--- Your task ---
Copy out all lines in the data below containing the string "white".

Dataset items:

┌────────

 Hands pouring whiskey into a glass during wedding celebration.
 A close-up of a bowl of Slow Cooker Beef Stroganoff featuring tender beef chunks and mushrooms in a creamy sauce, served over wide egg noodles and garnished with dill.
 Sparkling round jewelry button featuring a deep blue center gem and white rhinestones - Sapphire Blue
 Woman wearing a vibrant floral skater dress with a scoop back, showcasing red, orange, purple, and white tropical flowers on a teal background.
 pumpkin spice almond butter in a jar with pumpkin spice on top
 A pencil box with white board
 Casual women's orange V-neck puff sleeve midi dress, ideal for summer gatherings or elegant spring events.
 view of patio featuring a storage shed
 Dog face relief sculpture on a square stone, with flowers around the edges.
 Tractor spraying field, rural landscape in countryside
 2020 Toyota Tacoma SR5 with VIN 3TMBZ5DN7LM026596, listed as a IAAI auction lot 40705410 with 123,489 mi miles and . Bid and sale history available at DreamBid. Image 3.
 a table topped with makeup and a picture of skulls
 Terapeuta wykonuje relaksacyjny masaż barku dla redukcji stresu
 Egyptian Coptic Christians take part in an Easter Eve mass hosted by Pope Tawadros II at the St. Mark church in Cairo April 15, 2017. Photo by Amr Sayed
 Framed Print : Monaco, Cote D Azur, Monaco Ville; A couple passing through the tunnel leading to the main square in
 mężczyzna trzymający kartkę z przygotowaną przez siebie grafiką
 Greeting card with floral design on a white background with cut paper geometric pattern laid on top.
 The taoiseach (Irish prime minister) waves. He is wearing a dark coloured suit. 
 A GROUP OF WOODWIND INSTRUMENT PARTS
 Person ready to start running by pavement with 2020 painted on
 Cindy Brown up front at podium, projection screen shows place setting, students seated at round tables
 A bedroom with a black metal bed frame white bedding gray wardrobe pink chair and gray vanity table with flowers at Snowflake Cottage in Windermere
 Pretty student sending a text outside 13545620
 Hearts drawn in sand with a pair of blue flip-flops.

└────────

--- Response area ---
 Sparkling round jewelry button featuring a deep blue center gem and white rhinestones - Sapphire Blue
 Woman wearing a vibrant floral skater dress with a scoop back, showcasing red, orange, purple, and white tropical flowers on a teal background.
 A pencil box with white board
 Greeting card with floral design on a white background with cut paper geometric pattern laid on top.
 A bedroom with a black metal bed frame white bedding gray wardrobe pink chair and gray vanity table with flowers at Snowflake Cottage in Windermere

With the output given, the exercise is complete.